Predisposition aside, my family and I were welcomed immediately to the County, and to this day we enjoy walking the streets of the various towns and being greeted by acquaintances and strangers alike.  Our children, although they reside in other places, still consider Leesburg and Loudoun County home and they enjoy the same warm reception when they visit.

Loudoun County and its surrounding areas have provided me with the opportunity to perform public service for as long as I’ve lived in Loudoun.  I’m very proud of my eighteen years service in the Virginia House of Delegates and I believe that I have been permitted to continue to serve because the values and philosophy of the majority of Loudoun mirrors my own. I am grateful if that is the case.

Loudoun County’s environment has helped our company, EIT, succeed over 35 years and moving forward.  Again, the values and philosophies of Loudoun have meshed nicely with our business practices and to a mutual benefit.  I take great pride in providing a reliable livelihood for a number of Loudoun County residents.  Typical of the County, the most often asked question by prospective employees is, “How good are the schools and what is the quality of life?”  The answer to both questions is, unfailingly, “great.”

From a purely personal perspective, my twenty nine years in Loudoun have allowed me to raise my family, earn a good living while working with people and surrounded by people I like and respect, and enjoy a certain measure of success in technology and politics.

Every bit as satisfying has been the opportunity to pursue my history avocation, particularly Civil War History, with a number of individuals far more accomplished than I.  And finally, I revel in the absolute beauty and open areas of the Loudoun Countryside and marvel at the strength and abilities of its people.  I am an exceedingly fortunate man.
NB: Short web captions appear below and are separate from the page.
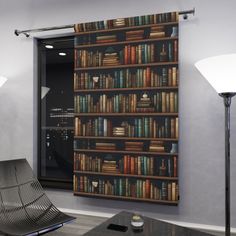 a living room filled with furniture and a book shelf next to a window covered in books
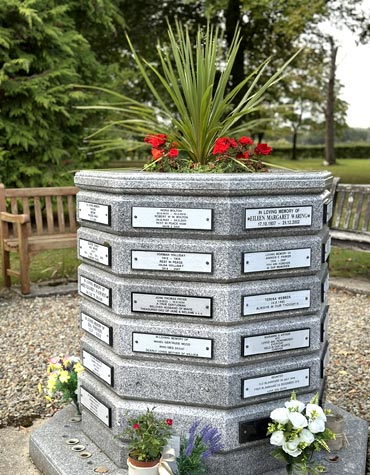Octagonal granite planter with memorial plaques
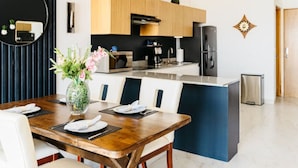 Cozinha moderna com armários de madeira, uma ilha central e um espaço de refeições com mesa posta para quatro pessoas.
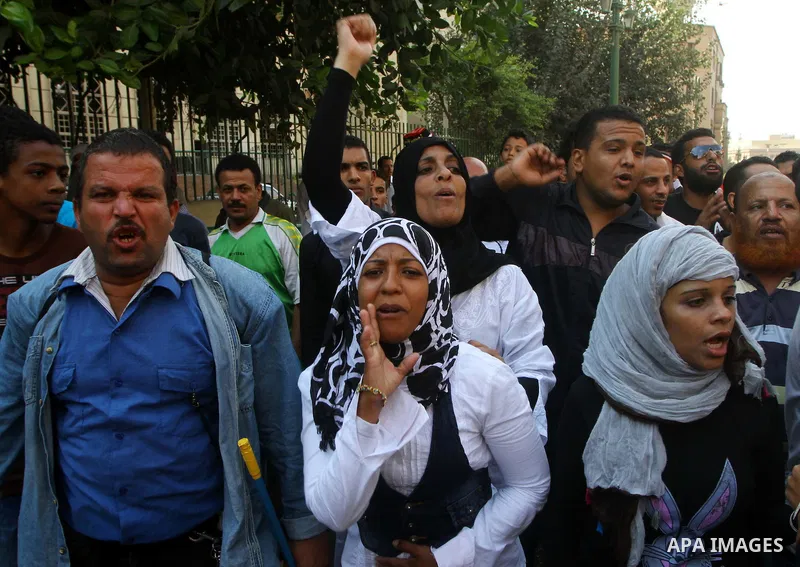 Egyptian protesters shout slogans during a demonstration outside a mosque in Cairo in support of national unity that led to a clash between pro- and anti-military supporters on October 14, 2011. The military has run Egyp...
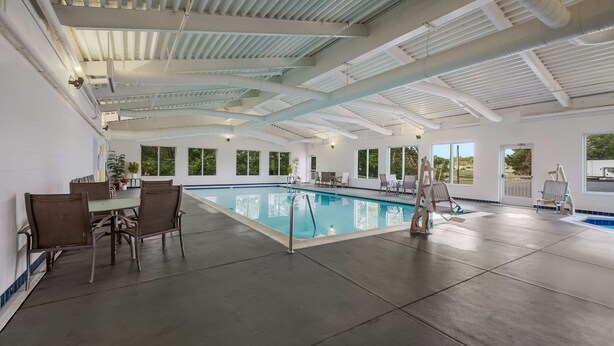 An indoor swimming pool with a high ceiling, large windows, and a dining area with chairs and a table. - Country Inn & Suites by Radisson, Fredericksburg South (I-95), VA (Fredericksburg)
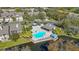 Community pool with a large deck and gazebo at 3079 Landmark Blvd # 1606, Palm Harbor, FL 34684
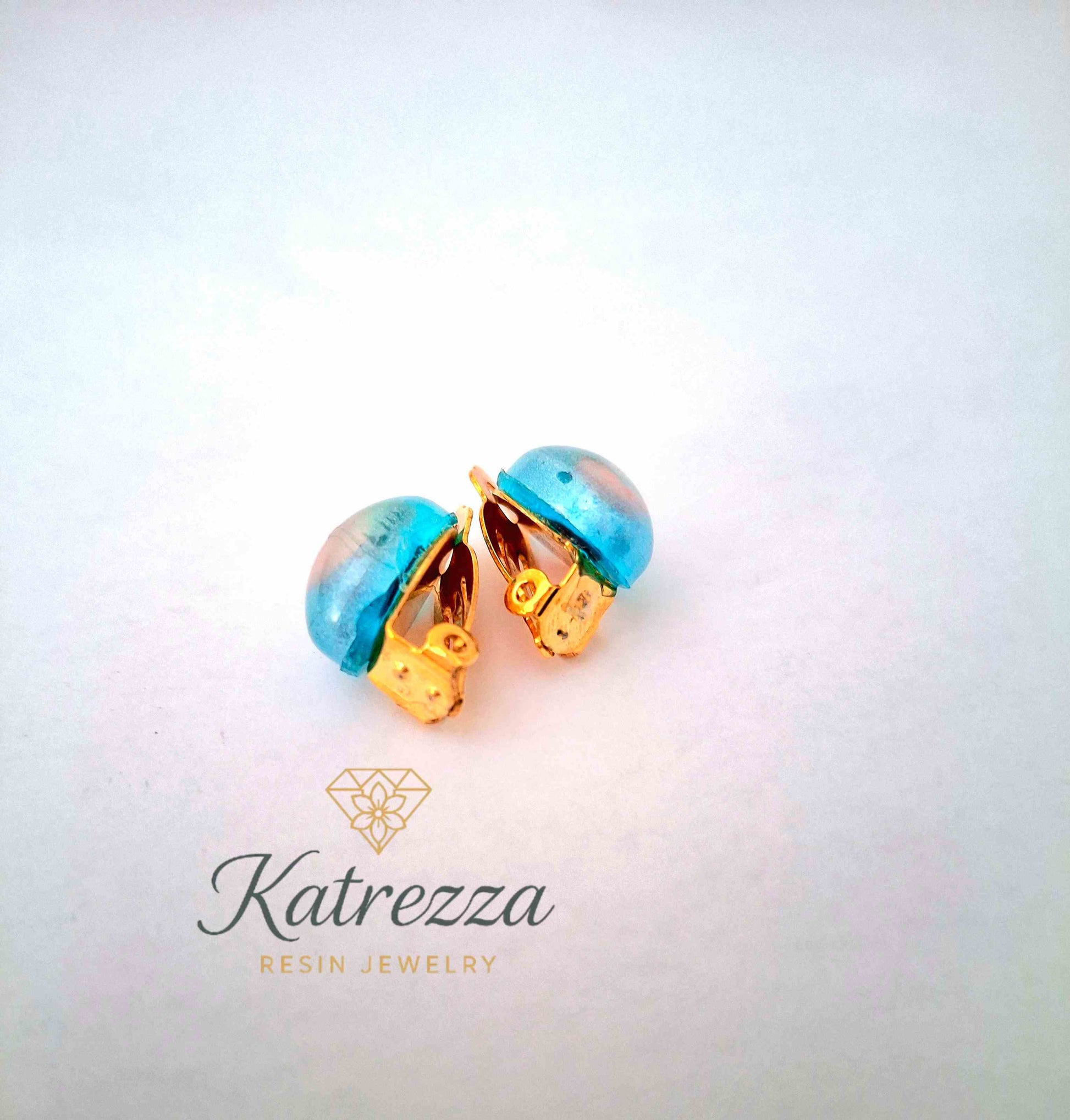 “Resin clip-on earrings for girls – blue and pink design with gold clips, handmade by Katrezza.”
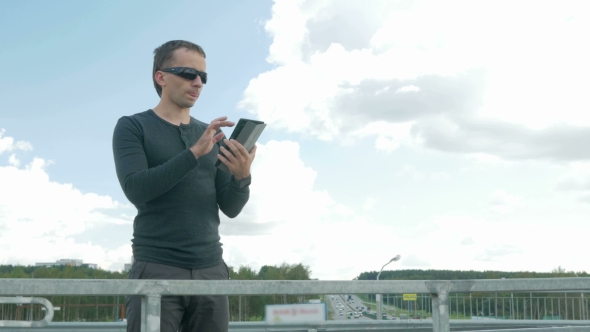 Outdoor Portrait Of Modern Young Man With Digital Tablet. A Man With Glasses On The Bridge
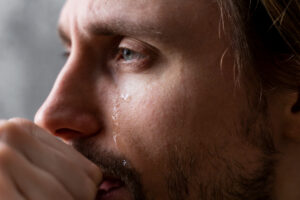 A man with a tear down his face Image by freepik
“What Loudoun Means to Me”
by Judy Washburn

2010 Loudoun Laurels Lifetime Service Award Recipient

Lang and I moved to Loudoun County in 1977. We bought a house dating from the 1820’s and settled down to enjoy country life. We took advantage of the eastern part of the County and all that it’s more urban lifestyle offered while enjoying our wonderful town of Middleburg.

As a Girl Scout leader in the early 1980’s I became aware of a small, poor remnant of a segregated community on the western edge of the village; it was served only by outhouses and town water that had to be carried, by bucket, to the homes. It was hard to believe that these conditions existed in such lovely village and that nothing had been done to address them.

I was fortunate to meet a local citizen, Rene Llewellyn, who brought together people who would start an organization for this purpose. The Windy Hill Foundation was created “to provide safe, decent and affordable housing to low- and lower-income families in Loudoun, Fauquier and Clarke counties to encourage self-improvement and self-sufficiency among tenant residents”. This public/private partnership has resulted in the building of more subsidized and affordable housing and the creation of a model that is successful and, though all too slowly for many of us, spreading across Loudoun and its neighboring counties.

What makes this model particularly unique is the family programs that it provides for its residents. They include tutoring and after school programs for children, scholarships and activities, and help for the elderly.

Loudoun County is an extraordinary place. Its combination of rural and urban has managed to provide the benefits of both approaches to life, while for the most part escaping the worst of the associated liabilities. Ours is one of the fastest growing and wealthiest counties in the country. In Loudoun one can find some of the best of 21st century life, learning and lifestyle side by side with villages that retain much of their 19th– or late 18th-century charm.

One of the things I admire most about Loudoun is the way its people approach the many problems that arise in such a growing and increasingly diverse place, problems that appear in other places to be all but intractable. Our solutions may not be perfect, but, in my experience, the spirit with which the people of Loudoun seek to address them is extraordinary. Take for example my experience with the problem of affordable housing.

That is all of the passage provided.